BEGIN

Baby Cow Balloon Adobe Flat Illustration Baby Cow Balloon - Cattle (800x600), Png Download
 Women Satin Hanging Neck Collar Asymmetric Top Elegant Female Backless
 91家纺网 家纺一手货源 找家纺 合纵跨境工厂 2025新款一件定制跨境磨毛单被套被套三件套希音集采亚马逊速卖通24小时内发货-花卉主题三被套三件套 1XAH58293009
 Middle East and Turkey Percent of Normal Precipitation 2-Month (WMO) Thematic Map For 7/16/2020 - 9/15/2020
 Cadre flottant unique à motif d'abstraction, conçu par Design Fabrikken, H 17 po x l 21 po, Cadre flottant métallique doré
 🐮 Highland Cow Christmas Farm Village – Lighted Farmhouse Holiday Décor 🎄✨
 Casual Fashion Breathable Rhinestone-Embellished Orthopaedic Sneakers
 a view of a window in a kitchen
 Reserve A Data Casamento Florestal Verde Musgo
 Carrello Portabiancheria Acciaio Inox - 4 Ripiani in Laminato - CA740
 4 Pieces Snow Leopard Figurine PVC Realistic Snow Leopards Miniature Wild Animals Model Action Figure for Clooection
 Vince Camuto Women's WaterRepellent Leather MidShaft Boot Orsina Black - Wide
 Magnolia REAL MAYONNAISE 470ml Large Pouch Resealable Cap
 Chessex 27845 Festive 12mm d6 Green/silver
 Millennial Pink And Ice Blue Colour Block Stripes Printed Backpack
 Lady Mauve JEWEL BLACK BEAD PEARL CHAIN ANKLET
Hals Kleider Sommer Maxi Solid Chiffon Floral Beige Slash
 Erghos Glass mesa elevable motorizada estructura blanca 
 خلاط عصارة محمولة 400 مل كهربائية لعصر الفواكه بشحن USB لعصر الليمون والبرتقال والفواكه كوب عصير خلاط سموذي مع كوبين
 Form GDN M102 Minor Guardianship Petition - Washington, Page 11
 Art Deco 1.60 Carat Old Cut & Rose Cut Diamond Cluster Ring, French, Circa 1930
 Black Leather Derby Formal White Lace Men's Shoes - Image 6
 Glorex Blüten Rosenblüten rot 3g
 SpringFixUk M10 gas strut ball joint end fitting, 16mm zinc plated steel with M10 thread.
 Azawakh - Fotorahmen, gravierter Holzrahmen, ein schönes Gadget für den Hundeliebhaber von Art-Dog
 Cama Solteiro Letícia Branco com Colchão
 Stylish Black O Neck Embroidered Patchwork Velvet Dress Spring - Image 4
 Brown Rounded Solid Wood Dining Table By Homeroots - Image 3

END

Brief:
Output the listing above in full, exactly as written.

Reply:
Baby Cow Balloon Adobe Flat Illustration Baby Cow Balloon - Cattle (800x600), Png Download
 Women Satin Hanging Neck Collar Asymmetric Top Elegant Female Backless
 91家纺网 家纺一手货源 找家纺 合纵跨境工厂 2025新款一件定制跨境磨毛单被套被套三件套希音集采亚马逊速卖通24小时内发货-花卉主题三被套三件套 1XAH58293009
 Middle East and Turkey Percent of Normal Precipitation 2-Month (WMO) Thematic Map For 7/16/2020 - 9/15/2020
 Cadre flottant unique à motif d'abstraction, conçu par Design Fabrikken, H 17 po x l 21 po, Cadre flottant métallique doré
 🐮 Highland Cow Christmas Farm Village – Lighted Farmhouse Holiday Décor 🎄✨
 Casual Fashion Breathable Rhinestone-Embellished Orthopaedic Sneakers
 a view of a window in a kitchen
 Reserve A Data Casamento Florestal Verde Musgo
 Carrello Portabiancheria Acciaio Inox - 4 Ripiani in Laminato - CA740
 4 Pieces Snow Leopard Figurine PVC Realistic Snow Leopards Miniature Wild Animals Model Action Figure for Clooection
 Vince Camuto Women's WaterRepellent Leather MidShaft Boot Orsina Black - Wide
 Magnolia REAL MAYONNAISE 470ml Large Pouch Resealable Cap
 Chessex 27845 Festive 12mm d6 Green/silver
 Millennial Pink And Ice Blue Colour Block Stripes Printed Backpack
 Lady Mauve JEWEL BLACK BEAD PEARL CHAIN ANKLET
Hals Kleider Sommer Maxi Solid Chiffon Floral Beige Slash
 Erghos Glass mesa elevable motorizada estructura blanca 
 خلاط عصارة محمولة 400 مل كهربائية لعصر الفواكه بشحن USB لعصر الليمون والبرتقال والفواكه كوب عصير خلاط سموذي مع كوبين
 Form GDN M102 Minor Guardianship Petition - Washington, Page 11
 Art Deco 1.60 Carat Old Cut & Rose Cut Diamond Cluster Ring, French, Circa 1930
 Black Leather Derby Formal White Lace Men's Shoes - Image 6
 Glorex Blüten Rosenblüten rot 3g
 SpringFixUk M10 gas strut ball joint end fitting, 16mm zinc plated steel with M10 thread.
 Azawakh - Fotorahmen, gravierter Holzrahmen, ein schönes Gadget für den Hundeliebhaber von Art-Dog
 Cama Solteiro Letícia Branco com Colchão
 Stylish Black O Neck Embroidered Patchwork Velvet Dress Spring - Image 4
 Brown Rounded Solid Wood Dining Table By Homeroots - Image 3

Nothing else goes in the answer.